Membranous Nephropathy

Clinical History:  60 year old male with edema and nephrotic range proteinuria (>3.5 grams per 24 hours).Also found to have elevated lipids and decreased albumin.  Clinical diagnosis of nephrotic syndrome was made (proteinuria, hyperlipidemia, and hypoalbuminemia).  

Differential diagnosis includes membranous nephropathy, focal segmental glomerulopathy, minimal change disease, and other sytemic disease like diabetes.  

Renal biopsy shows the following on silver staining:

Notice the small eye-lash like projections form the glomerular basement membranes when cut perpendicular.  The mesangial regions are normal and there is no endocapillary proliferation.  By light microscopy these findings are consistent with membranous nephropathy.

IF studies confirm IgG, kappa, lambda,  and C3 in a glomerular basement membrane distribution.

EM shows dark electron dense deposits in the sub-epithelial space.  Note the severe overlaying foot process effacement.

Rare Productive Adenovirus Infection of a Renal Allograft

51 year old male 8 months status post kidney/pancreas transplant for type I diabetes.  Presents with a 2 week history of gross hematuria, fevers, and Cr increase to 2.8 (baseline 1.1).  Renal biopsy performed to rule out acute cellular rejection/infection.

Geographic necrotizing granulomatous tubulointerstitial nephritis.

High power shows prominent tubular destruction with a histiocyte and neutrophil rich infiltrate.  Rare irregular nuclear viral inclusions are noted in the right lower quadrant.

Immunohistochemistry for Adenovirus confirms the diagnosis.

Adenovirus infection in the renal allograft is very rare, but usually occurs early after transplant (first 3 months).  Clinically significant adenovirus infection typically involves the urothelium and causes hemorrhagic cystitis, primarily in immunosuppressed patients.  Hematuria is a common presenting symptom.  Serotype 11 is most often associated with clinical disease.

The histology is characterized by intranuclear viral inclusions in the tubular epithelial cells, severe tubular destruction with necrosis, marked interstitial granulomatous inflammation, and focal interstitial hemorrhage +/- RBC casts. 

Treatment for adenovirus nephritis is not well defined.  Different strategies have involved IVIG, decreased immunosuppression, and anti-viral agents.

Despite a lack of standardized treatment, the prognosis is good with graft loss rare. 

PubMed Reference

Early Chronic Rejection in a Liver allograft.

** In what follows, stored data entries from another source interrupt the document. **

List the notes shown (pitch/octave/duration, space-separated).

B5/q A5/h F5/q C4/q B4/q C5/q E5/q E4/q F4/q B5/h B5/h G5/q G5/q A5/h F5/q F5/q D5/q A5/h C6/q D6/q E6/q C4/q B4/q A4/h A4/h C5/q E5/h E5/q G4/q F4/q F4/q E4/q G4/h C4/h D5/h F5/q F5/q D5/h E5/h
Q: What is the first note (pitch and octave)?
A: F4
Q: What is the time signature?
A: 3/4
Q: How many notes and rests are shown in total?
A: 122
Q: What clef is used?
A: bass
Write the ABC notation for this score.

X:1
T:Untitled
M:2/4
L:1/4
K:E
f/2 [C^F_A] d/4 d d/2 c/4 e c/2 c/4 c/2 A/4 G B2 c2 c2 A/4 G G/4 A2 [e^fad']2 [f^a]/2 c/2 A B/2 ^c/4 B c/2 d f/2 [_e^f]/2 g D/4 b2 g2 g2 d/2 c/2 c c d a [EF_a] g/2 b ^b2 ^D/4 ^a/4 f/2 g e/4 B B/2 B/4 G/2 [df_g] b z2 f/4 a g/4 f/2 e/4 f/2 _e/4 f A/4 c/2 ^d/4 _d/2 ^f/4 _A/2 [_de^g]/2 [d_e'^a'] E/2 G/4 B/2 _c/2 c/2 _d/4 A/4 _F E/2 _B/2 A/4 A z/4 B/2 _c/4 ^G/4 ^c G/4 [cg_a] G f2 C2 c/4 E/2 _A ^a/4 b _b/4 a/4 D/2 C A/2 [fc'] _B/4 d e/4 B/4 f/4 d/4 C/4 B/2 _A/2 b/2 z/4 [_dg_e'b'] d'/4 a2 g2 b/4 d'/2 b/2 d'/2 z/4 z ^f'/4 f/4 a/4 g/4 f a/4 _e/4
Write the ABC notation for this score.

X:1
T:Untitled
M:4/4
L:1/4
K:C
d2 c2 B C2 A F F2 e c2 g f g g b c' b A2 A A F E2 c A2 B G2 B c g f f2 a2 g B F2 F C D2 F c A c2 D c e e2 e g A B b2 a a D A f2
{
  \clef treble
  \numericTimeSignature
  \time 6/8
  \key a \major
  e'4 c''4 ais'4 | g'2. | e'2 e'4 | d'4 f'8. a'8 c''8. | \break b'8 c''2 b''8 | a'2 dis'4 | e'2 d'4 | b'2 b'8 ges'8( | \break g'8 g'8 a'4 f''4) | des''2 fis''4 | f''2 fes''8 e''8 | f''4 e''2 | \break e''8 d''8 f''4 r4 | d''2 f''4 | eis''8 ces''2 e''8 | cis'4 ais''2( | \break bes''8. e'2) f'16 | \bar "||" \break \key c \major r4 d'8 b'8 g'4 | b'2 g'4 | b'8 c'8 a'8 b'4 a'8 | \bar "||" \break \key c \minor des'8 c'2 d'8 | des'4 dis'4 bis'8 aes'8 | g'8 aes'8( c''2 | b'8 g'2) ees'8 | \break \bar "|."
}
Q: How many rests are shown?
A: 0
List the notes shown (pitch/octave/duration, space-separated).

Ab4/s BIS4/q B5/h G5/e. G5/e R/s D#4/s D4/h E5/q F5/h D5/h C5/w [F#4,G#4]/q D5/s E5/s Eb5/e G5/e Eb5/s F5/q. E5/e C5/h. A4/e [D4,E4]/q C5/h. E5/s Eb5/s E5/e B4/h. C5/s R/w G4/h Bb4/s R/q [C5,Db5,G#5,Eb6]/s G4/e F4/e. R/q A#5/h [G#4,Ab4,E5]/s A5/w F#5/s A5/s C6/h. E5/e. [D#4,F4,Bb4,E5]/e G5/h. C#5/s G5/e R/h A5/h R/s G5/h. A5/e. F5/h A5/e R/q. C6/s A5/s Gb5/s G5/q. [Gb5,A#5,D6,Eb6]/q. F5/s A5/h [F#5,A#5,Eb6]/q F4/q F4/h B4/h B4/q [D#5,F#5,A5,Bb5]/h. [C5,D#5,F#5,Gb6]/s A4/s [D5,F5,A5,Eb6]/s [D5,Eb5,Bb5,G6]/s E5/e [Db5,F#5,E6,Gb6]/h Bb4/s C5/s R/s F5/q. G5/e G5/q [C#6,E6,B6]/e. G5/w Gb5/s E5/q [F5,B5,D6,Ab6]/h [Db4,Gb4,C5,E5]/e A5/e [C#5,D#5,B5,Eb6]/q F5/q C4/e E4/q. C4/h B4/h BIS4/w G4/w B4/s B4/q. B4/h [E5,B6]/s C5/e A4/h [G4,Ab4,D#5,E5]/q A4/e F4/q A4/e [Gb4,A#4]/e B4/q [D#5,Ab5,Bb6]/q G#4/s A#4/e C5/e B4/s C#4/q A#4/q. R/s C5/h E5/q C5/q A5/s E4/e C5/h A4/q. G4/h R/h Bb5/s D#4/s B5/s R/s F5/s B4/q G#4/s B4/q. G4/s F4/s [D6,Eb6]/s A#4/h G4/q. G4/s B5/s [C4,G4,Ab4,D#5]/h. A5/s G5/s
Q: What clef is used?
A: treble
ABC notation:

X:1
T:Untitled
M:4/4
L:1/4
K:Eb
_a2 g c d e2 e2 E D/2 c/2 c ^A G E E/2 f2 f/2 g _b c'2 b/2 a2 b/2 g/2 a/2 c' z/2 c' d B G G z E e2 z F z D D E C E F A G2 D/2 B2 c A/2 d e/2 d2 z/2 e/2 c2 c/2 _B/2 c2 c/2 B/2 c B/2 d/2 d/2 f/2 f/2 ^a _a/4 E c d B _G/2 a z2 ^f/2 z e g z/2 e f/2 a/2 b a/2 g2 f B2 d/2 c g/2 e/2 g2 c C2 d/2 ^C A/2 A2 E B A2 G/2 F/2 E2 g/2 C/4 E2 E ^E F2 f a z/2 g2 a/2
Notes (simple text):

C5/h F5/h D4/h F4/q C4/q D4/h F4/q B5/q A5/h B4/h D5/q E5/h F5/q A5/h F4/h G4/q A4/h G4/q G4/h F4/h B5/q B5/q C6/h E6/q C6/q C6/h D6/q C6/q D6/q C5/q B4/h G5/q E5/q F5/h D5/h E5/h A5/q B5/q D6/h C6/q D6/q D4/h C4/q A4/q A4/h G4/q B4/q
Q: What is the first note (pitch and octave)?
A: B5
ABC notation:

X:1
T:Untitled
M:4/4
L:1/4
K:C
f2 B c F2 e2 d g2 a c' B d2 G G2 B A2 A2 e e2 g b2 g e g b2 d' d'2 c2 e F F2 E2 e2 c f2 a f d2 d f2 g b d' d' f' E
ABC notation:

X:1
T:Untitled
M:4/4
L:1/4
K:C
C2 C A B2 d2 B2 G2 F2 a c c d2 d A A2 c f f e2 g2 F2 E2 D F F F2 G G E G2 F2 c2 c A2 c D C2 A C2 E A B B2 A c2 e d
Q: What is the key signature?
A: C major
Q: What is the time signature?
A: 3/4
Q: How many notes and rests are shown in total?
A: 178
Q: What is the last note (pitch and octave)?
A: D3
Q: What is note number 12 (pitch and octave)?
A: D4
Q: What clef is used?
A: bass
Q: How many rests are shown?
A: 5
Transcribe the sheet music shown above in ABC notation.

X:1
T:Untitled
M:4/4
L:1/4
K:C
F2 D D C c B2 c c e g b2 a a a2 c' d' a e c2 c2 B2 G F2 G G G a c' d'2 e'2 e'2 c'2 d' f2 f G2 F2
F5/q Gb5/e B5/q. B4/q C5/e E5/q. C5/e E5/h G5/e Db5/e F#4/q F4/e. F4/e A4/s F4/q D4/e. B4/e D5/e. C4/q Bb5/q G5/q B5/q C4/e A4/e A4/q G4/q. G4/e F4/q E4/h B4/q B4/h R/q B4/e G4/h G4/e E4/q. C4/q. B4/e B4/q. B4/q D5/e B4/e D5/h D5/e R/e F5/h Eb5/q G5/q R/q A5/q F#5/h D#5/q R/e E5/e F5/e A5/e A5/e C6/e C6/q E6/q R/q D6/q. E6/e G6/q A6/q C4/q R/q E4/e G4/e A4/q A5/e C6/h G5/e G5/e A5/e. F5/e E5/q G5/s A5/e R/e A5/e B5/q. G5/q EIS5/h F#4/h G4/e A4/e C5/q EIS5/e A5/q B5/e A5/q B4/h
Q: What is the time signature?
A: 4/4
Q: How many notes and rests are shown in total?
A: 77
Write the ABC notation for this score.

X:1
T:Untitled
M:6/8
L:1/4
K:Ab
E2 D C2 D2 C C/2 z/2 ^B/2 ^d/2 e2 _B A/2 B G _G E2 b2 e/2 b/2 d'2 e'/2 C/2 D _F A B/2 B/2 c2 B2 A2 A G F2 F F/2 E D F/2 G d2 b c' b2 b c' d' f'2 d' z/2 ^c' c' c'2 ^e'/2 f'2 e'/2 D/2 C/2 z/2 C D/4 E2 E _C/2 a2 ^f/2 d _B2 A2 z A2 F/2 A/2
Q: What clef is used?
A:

45 y/o status post liver transplant 1 year ago with increasing ALP over time

Early chronic rejection usually shows degenerative changes of the majority of the smaller bile ducts, ductopenia involving less than 50% of the portal tracts, and centrilobular hepatocyte dropout/fibrosis. The degenerative changes consists of eosinophilic transformation of the cytoplasm, nuclear hyperchromasia, uneven nuclear spacing, and sloughing of bile duct epithelial cells, as seen in this case.

The distinction between bile duct obstruction/stricturing and chronic rejection may be difficult. The presence of a marked ductular reaction and prominent periportal copper deposition favors bile duct obstruction/stricturing (primary or secondary) while the absence of a ductular reaction, absence of periportal copper deposition, and the presence of pericentral vein hepatocyte dropout/fibrosis favors chronic rejection.

Immunohistochemical staining for CK19 to highlight the bile ducts and ductular reaction as well as histochemical staining for peri-portal copper may be useful in the workup of liver allograft cases with biliary abnormalities.